Item 1.01. | Entry into a Material Definitive Agreement |
On May 15, 2019, Par Pacific Holdings, Inc. (the “Company”) entered into privately negotiated exchange agreements (the “Exchange Agreements”) with a limited number of holders (the “Noteholders”) of its outstanding 5.00% Convertible Senior Notes due 2021 (the “Convertible Notes”), pursuant to which the Company agreed to exchange (the “Exchanges”) approximately $31.7 million in aggregate principal amount of the Convertible Notes held by the Noteholders for an aggregate of approximately $14.8 million in cash and 1,303,344 newly issued shares (the “Exchange Shares”) of the common stock of the Company, par value $.01 per share, pursuant to a private placement in reliance on Section 4(a)(2) of the Securities Act of 1933, as amended (the “Securities Act”).
The Company anticipates that the Exchanges will settle on or about May 22, 2019. Upon settlement of the Exchanges, the aggregate principal amount of the Convertible Notes outstanding is expected to be reduced to approximately $83.3 million.
The foregoing description of the Exchange Agreements is qualified in its entirety by reference to the form of exchange agreement filed as Exhibit 10.1 of this Current Report on Form8-K, which is incorporated by reference herein.
Item 3.02. | Unregistered Sales of Equity Securities |
The information provided under Item 1.01 in this Current Report on Form8-K regarding the issuance of the Exchange Shares pursuant to the Exchanges is incorporated by reference into this Item 3.02.
Item 7.01. | Regulation FD Disclosure |
On May 16, 2019, the Company issued a news release in connection with entering into the Exchange Agreements and the Exchanges.
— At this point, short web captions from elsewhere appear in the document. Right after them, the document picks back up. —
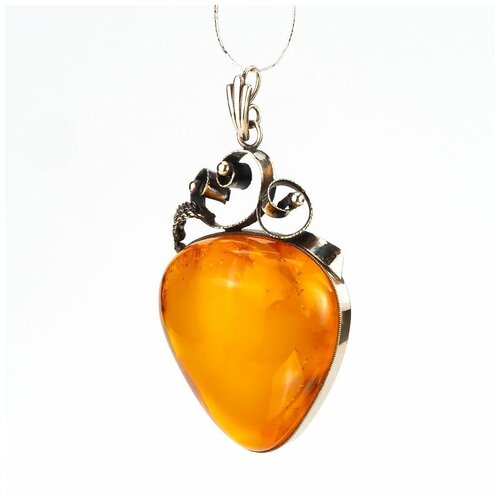 Подвеска Amberprofi, серебро, 925 проба, янтарь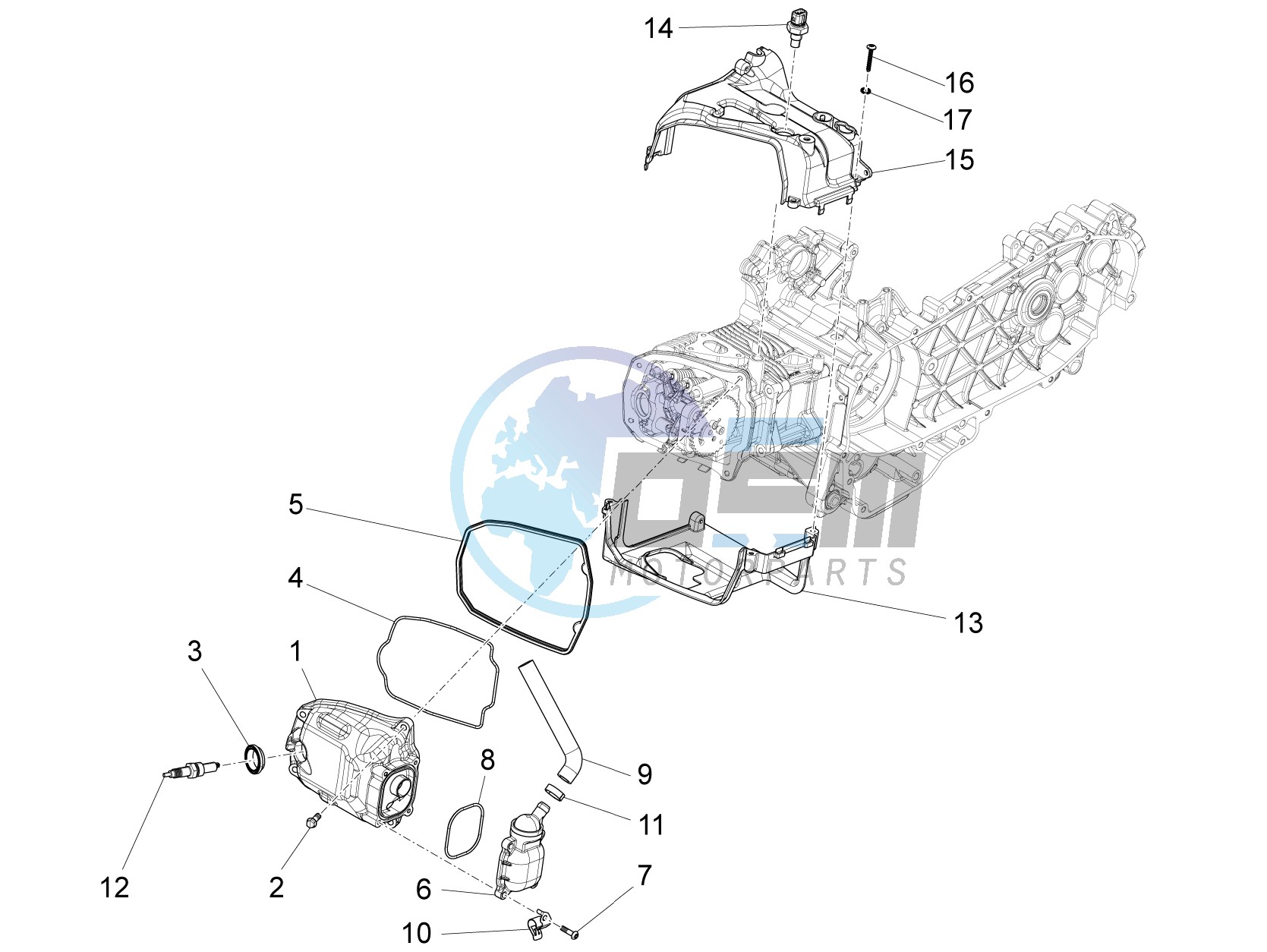 Cylinder head cover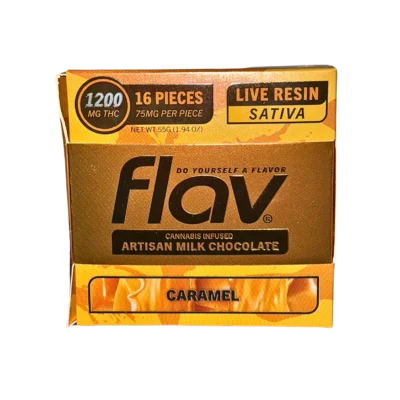 FLAV Chocolate Bar – CARAMEL Live Resin 1200mg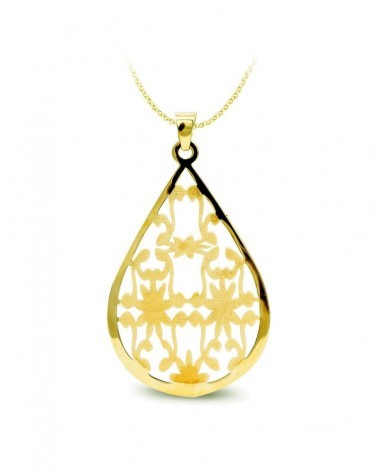 Colgante oro amarillo 18k calado oval 5,25 gramos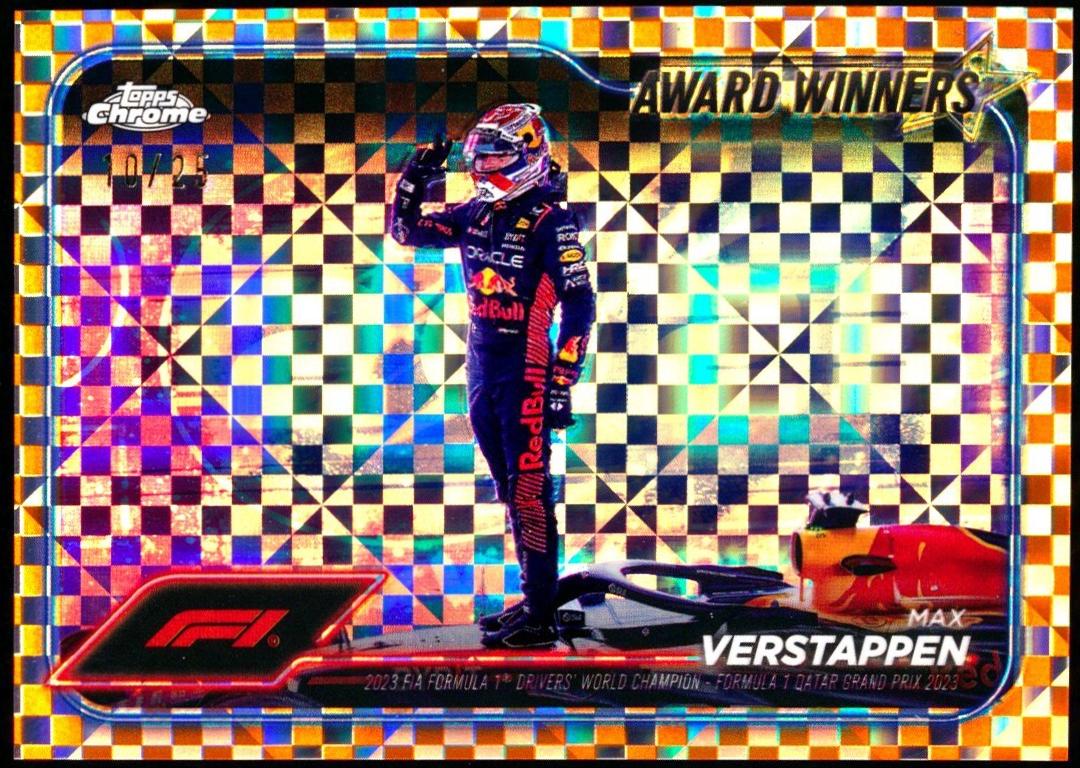Max Verstappen [Checker Flag Orange Refractor] #183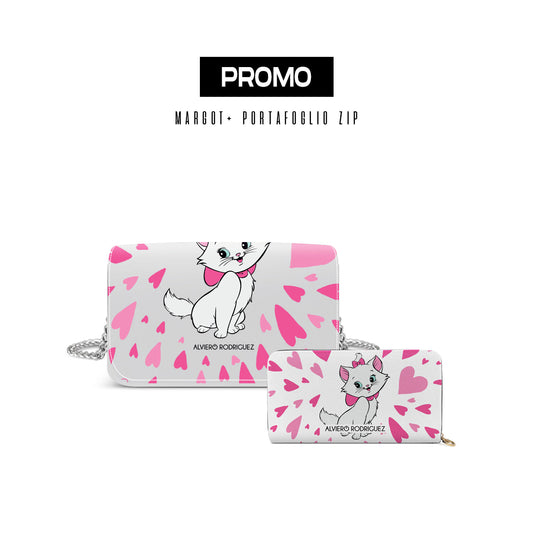Promo Margot + Portafoglio Zip Bianco Minou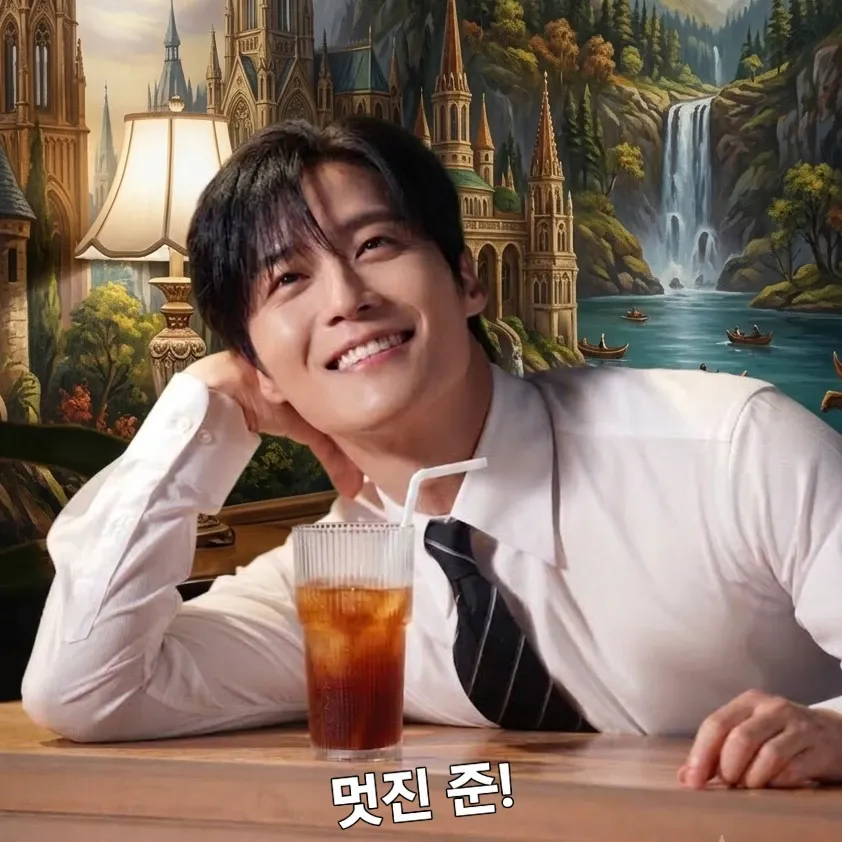 Behind-the-scenes cut of Heo Namjun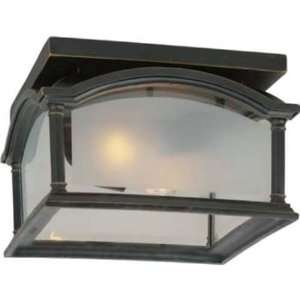 Artcraft AC8116BG Black with Bronze Highlight Hartford 1 Light Outdoor 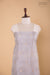 Grey Handwoven Banarasi Silk Suit Piece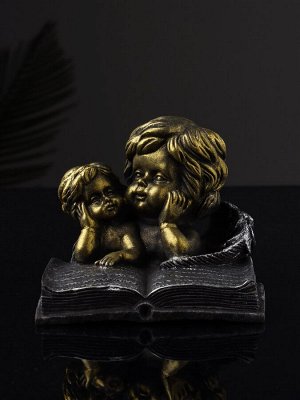 Фигурка полистоун «Ангелы с книгой», 9.5x11x9.7 см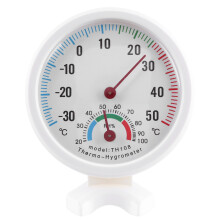 Hochpräzises Thermometer für Innenräume, Hygrothermograph, robustes analoges Feuchtigkeitsmessgerät, gut lesbares Zifferblatt, kompaktes Tisch-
The news release is attached hereto as Exhibit 99.1 of this Current Report on Form8-K and is incorporated by reference herein.
In accordance with General Instruction B.2 of Form8-K, the foregoing information, including Exhibit 99.1, shall not be deemed “filed” for the purposes of Section 18 of the Securities Exchange Act of 1934, as amended (the “Exchange Act”), or otherwise subject to the liabilities of that section, nor shall such information and Exhibit 99.1 be deemed incorporated by reference in any filing under the Securities Act or the Exchange Act, except as shall be expressly set forth by specific reference in such a filing.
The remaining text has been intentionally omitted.